The original idea had been to run the line out from Linden Hills on Upton Avenue or build a new east-west streetcar line along 50th to serve the area south of Lake Harriet. Both plans were “negatived” by the street railway company, the Upton Avenue route due to “mechanical” difficulties and the crosstown route because the company didn’t project enough traffic to make it profitable. (In a 1914 atlas of the neighborhood there were only 11 houses on Xerxes between 47th and 50th, but only a handful of empty lots from 44th to 47th.)

The problem with the Xerxes route was that the streetcar company wouldn’t lay track until the street was graded. The city council was willing to spend only $600 for the grading project, so the neighborhood had to come up with an additional $1,600 to do the job. The Fulton association raised more than three-quarters of that sum.

One of the contributors to the grading fund was Tingdale Bros. Inc., which was developing Harriet Manor, a subdivision that included those blocks of empty lots along Xerxes.

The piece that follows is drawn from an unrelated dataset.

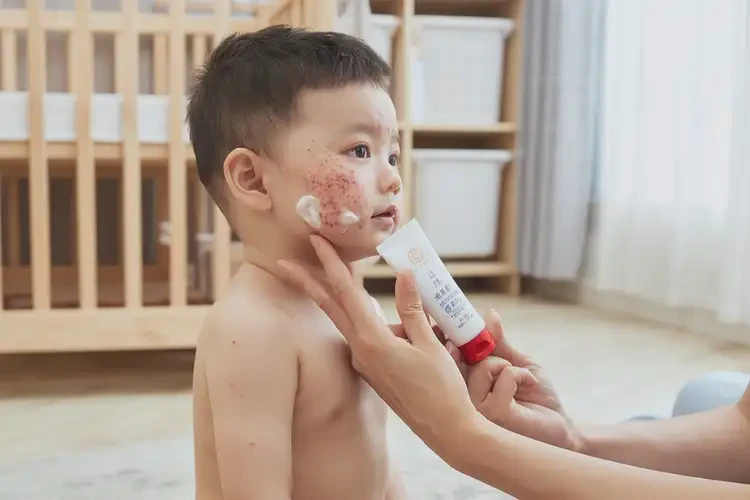幼兒面部長(zhǎng)濕疹不管它會(huì)自己好嗎(圖3)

A small park in Edina, where the Tingdales were later also active residential developers, is named Tingdale Park,

The economic success of the campaign to extend the streetcar line — and the Tingdale brothers contribution to the road grading fund that made the extension possible — is highlighted by the fact that a quite large, new Robert Fulton School was built at 49th and Washburn only two years later to meet the needs of the burgeoning neighborhood.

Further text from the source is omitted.